Today, the Japanese government announced the name of the new imperial era: Reiwa. The government has not yet issued the official translation of the name’s meaning, but it combines the characters “Rei” which can have meanings related to “order” but also “auspicious”, and “Wa” meaning “peace” or “harmony”. Reiwa will replace Heisei, the name of the current imperial era. Heisei literally means “become peace,” and the era began in 1989 when the current Emperor Akihito took the throne. Thus, the year Heisei 1 is 1989, Heisei 2 is 1990, and Heisei 3 1991 and so on.

While almost unknown outside Japan, the name of the Imperial era which forms the basis for the country’s calendar has been the subject of weeks of media speculation. The era prior was called Showa, and dates from 1926–1989. Showa literally means “shining Japan” and the country’s history is divided up into a series of eras. For example, the era before Showa was the Taisho Period (1912–1926) and before that was the Meiji Period (1868–1912) with each marking the rule of a different emperor.

This Japanese imperial system is used throughout the country on official documents as well as in daily life. This can be confusing for foreigners and can make year-conversion tricky even for Japanese people. Naturally, each era is defined by its events, culture, thought and fashion. Today, when stuff looks retro in Japan, people often refer to it as “Showa-poi” or “Showa-like.” As time passes, the same will be said of Heisei buildings, culture and fashion.
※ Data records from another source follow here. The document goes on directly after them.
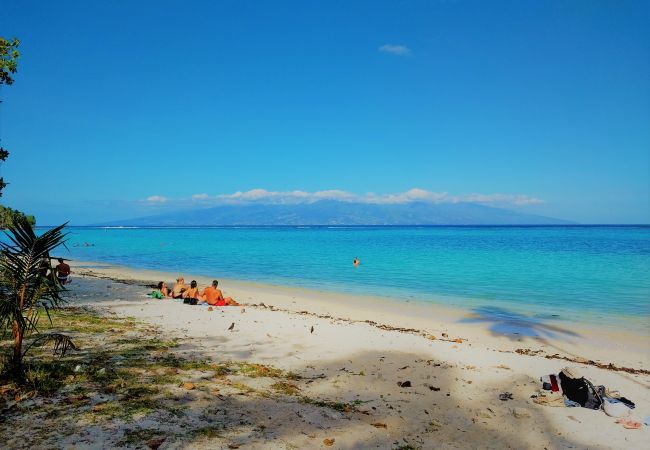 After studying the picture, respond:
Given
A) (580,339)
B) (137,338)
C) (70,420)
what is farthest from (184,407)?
(580,339)

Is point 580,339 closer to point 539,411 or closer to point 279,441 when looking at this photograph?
point 539,411

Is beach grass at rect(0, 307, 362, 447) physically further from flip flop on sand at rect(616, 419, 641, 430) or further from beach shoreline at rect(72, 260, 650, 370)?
beach shoreline at rect(72, 260, 650, 370)

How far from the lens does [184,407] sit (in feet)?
21.6

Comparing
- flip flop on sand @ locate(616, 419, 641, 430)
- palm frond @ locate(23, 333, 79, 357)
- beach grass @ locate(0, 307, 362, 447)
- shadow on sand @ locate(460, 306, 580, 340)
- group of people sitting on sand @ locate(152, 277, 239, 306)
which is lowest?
shadow on sand @ locate(460, 306, 580, 340)

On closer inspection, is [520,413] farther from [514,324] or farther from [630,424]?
[514,324]

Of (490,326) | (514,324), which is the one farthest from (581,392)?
(514,324)

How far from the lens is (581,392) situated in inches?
323

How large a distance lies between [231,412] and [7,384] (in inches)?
136

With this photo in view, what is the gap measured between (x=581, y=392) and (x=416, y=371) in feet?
10.9

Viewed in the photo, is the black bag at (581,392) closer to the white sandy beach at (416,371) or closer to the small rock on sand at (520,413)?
the white sandy beach at (416,371)

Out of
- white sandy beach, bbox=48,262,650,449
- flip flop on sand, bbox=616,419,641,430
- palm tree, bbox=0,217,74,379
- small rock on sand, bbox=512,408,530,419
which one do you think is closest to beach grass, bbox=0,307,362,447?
white sandy beach, bbox=48,262,650,449

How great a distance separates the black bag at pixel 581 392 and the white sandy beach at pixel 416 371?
24 centimetres

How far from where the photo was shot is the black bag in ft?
26.5

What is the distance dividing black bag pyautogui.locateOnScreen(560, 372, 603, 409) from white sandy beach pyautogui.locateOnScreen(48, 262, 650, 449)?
0.24 meters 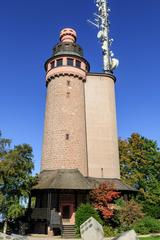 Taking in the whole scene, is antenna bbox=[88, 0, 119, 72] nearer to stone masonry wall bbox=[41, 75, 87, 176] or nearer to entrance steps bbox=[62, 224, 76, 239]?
stone masonry wall bbox=[41, 75, 87, 176]

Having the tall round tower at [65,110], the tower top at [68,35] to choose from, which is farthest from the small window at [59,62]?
the tower top at [68,35]

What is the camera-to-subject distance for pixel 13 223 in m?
24.6

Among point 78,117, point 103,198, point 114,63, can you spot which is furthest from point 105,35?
point 103,198

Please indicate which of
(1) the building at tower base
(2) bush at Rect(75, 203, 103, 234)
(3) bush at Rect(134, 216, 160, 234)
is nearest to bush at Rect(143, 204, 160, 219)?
(1) the building at tower base

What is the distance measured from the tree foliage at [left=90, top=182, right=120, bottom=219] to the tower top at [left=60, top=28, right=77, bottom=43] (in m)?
19.3

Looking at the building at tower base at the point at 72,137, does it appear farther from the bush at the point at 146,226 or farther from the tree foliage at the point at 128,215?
the bush at the point at 146,226

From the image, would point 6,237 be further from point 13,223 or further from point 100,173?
point 100,173

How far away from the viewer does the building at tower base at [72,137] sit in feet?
85.7

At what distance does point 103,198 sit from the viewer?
25.5 metres

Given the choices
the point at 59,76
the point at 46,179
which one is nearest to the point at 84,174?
the point at 46,179

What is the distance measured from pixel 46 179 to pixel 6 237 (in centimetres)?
1041

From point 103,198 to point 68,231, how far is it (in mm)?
4313

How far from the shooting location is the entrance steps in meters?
23.2

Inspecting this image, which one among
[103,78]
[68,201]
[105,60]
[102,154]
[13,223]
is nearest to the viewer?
[13,223] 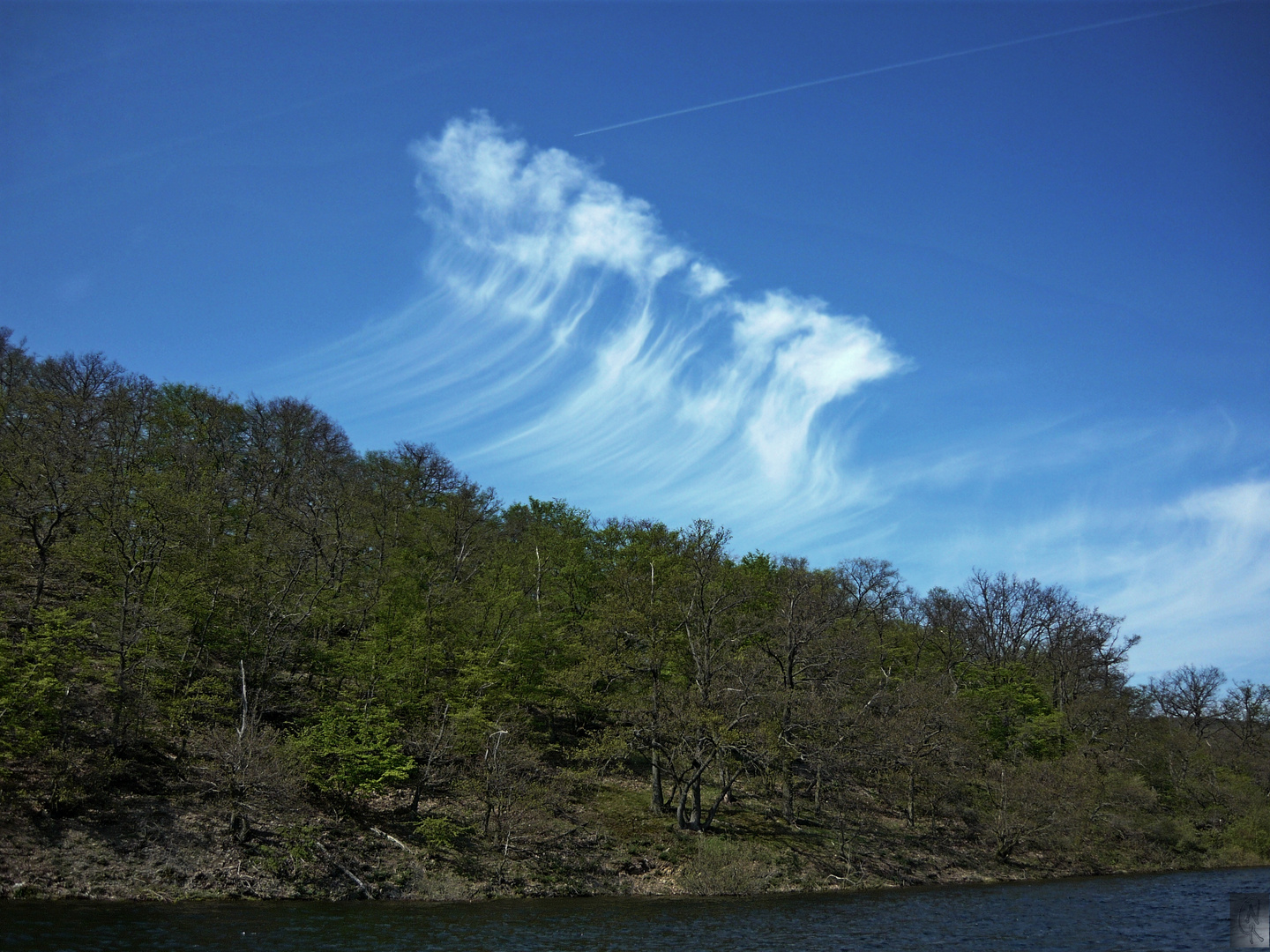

The current Heisei Period will end on April 30, 2019 (or Heisei 31) when Emperor Akihito abdicates the throne and the Reiwa Era is expected to start on May 1, 2019. Crown Prince Naruhito is expected to be enthroned in October 2019 and only time will tell what will define the new era for future Japanese generations. Meanwhile, we at VOS® celebrated this announcement by enjoying some fresh sushi and great company due to our sincere appreciation for the Japanese culture!